◆ Given data ◆
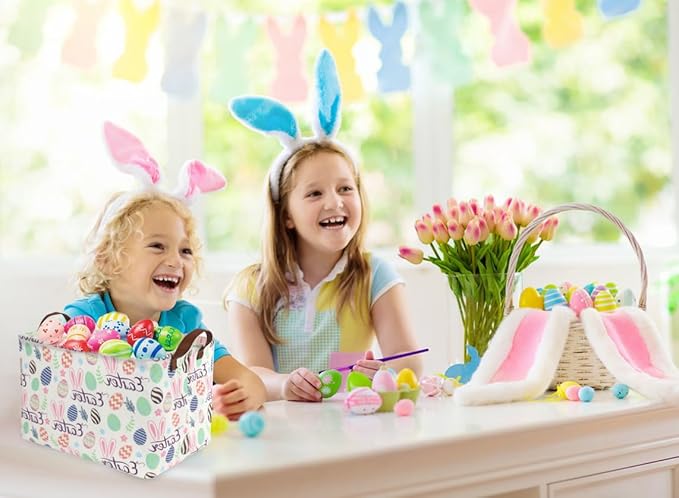 Sanjiaofen Rectangular Easter baskets , Kids Easter Basket Organizer.Cute Storage Basket with Handles.Boys and Girls,Easter Bunny Eggs Decor,Books,Easter Gifts . (Easter bunny eggs)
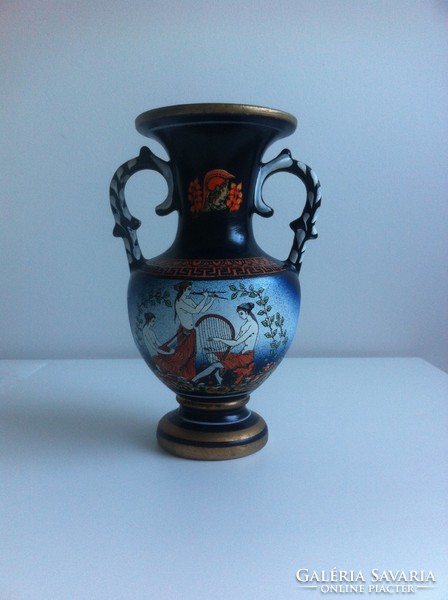 Greek, hand-painted, marked vase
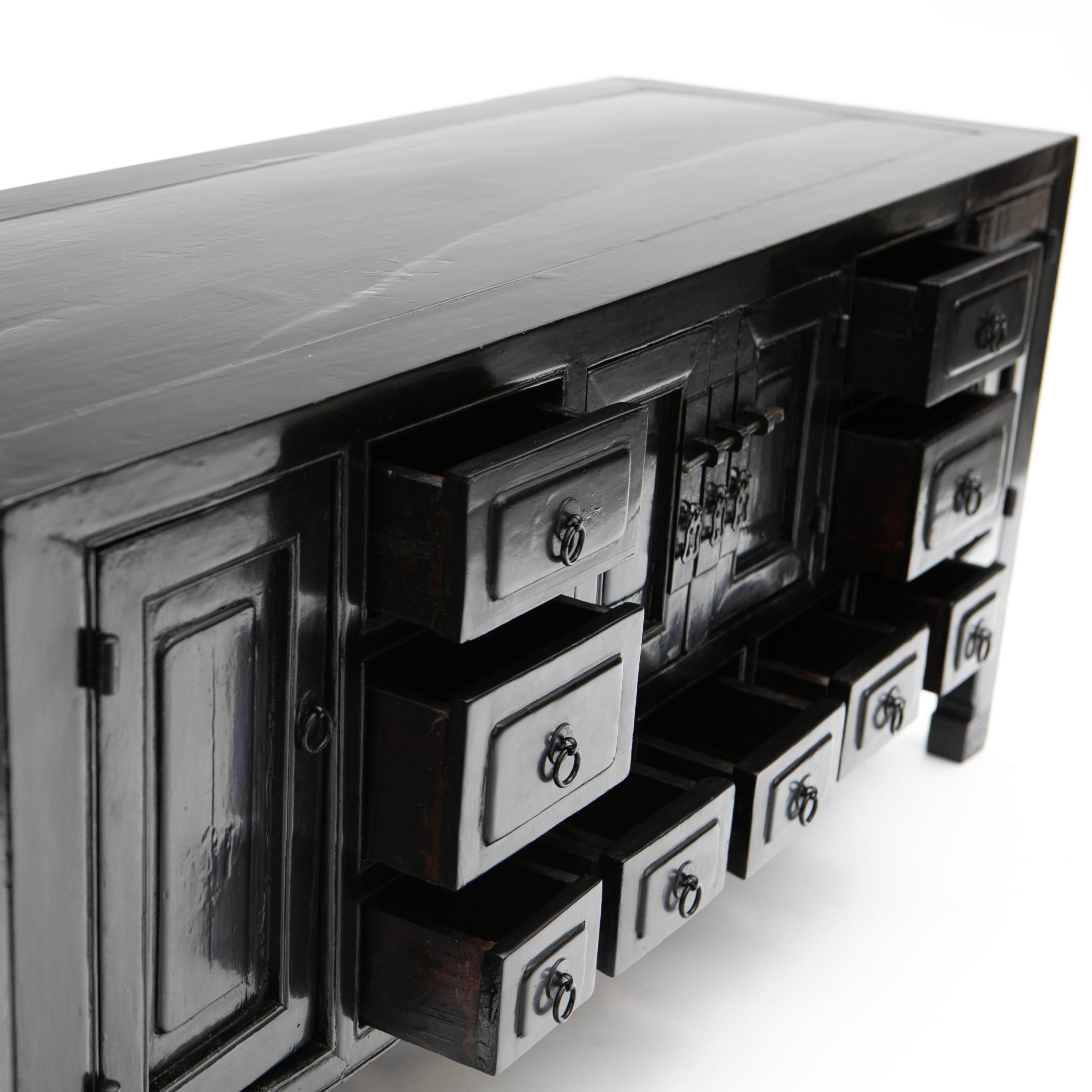 Lacquered Low  Sideboard in Black Lacquer For Sale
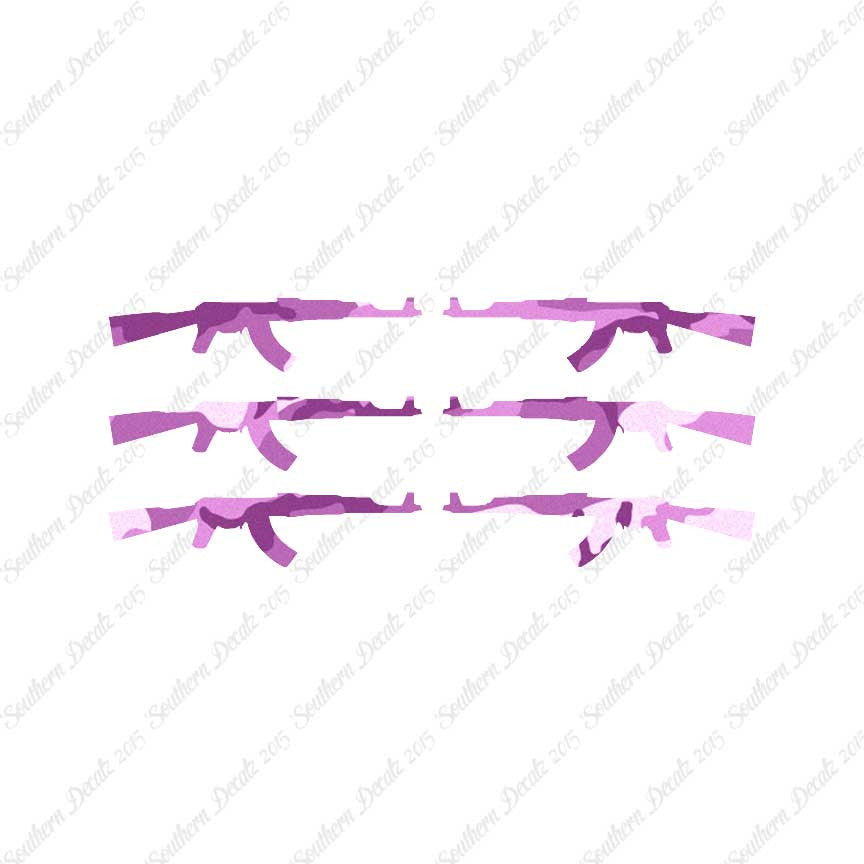 Set Of 6 AK47 Rifle Guns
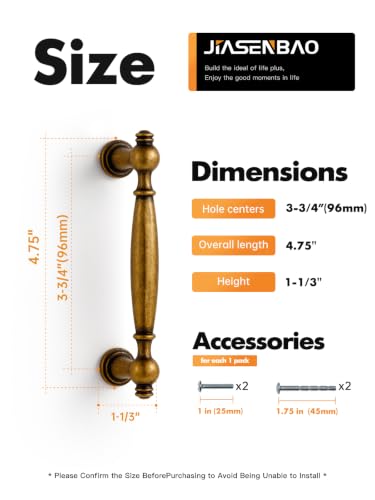 5 Pack Antique Brass Cabinet Pulls 3-3/4" Hole Center - color: Antique Brass, size: 3.75" hole center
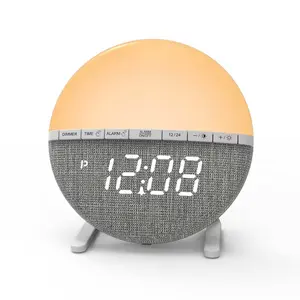 Sunrise Simulation Wake-Up Light Alarm Clock Natural Dawn Dusk Light Therapy for Better Sleep Gentle Awakening Digital Display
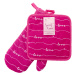 Kuchyňský SET rukavice/chňapka SWEET LOVE růžová 18x30 cm/20X20 cm , 100% bavlna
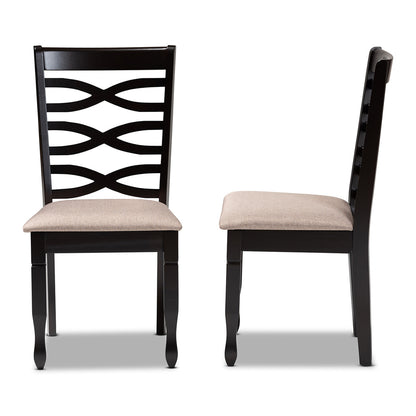 Baxton Studio - Lanier Set of 2 Dining Chairs in Sand/Dark Brown - RH318C-Sand/Dark Brown-DC-2PK view 3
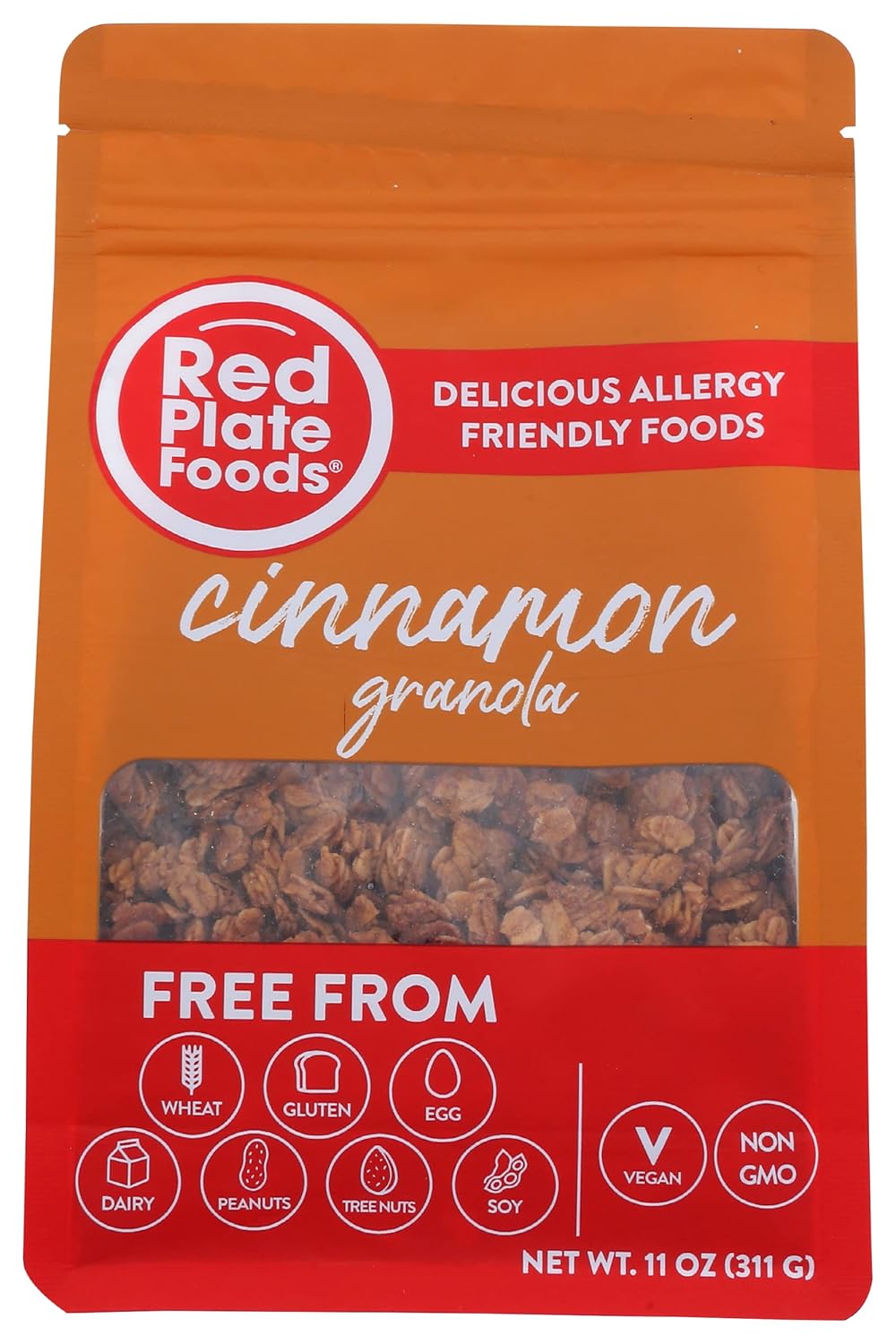 Red Plate Foods Granola con sabor a canela, sin gluten, sin OMG, 11 onzas (paquete de 6)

◆ Task requirements ◆
The records above must be repeated in full and exactly, but without any of the pictures.

◆ Exercise response ◆
 Sanjiaofen Rectangular Easter baskets , Kids Easter Basket Organizer.Cute Storage Basket with Handles.Boys and Girls,Easter Bunny Eggs Decor,Books,Easter Gifts . (Easter bunny eggs)
 Greek, hand-painted, marked vase
 Lacquered Low  Sideboard in Black Lacquer For Sale
 Set Of 6 AK47 Rifle Guns
 5 Pack Antique Brass Cabinet Pulls 3-3/4" Hole Center - color: Antique Brass, size: 3.75" hole center
 Sunrise Simulation Wake-Up Light Alarm Clock Natural Dawn Dusk Light Therapy for Better Sleep Gentle Awakening Digital Display
 Kuchyňský SET rukavice/chňapka SWEET LOVE růžová 18x30 cm/20X20 cm , 100% bavlna
 Baxton Studio - Lanier Set of 2 Dining Chairs in Sand/Dark Brown - RH318C-Sand/Dark Brown-DC-2PK view 3
 Red Plate Foods Granola con sabor a canela, sin gluten, sin OMG, 11 onzas (paquete de 6)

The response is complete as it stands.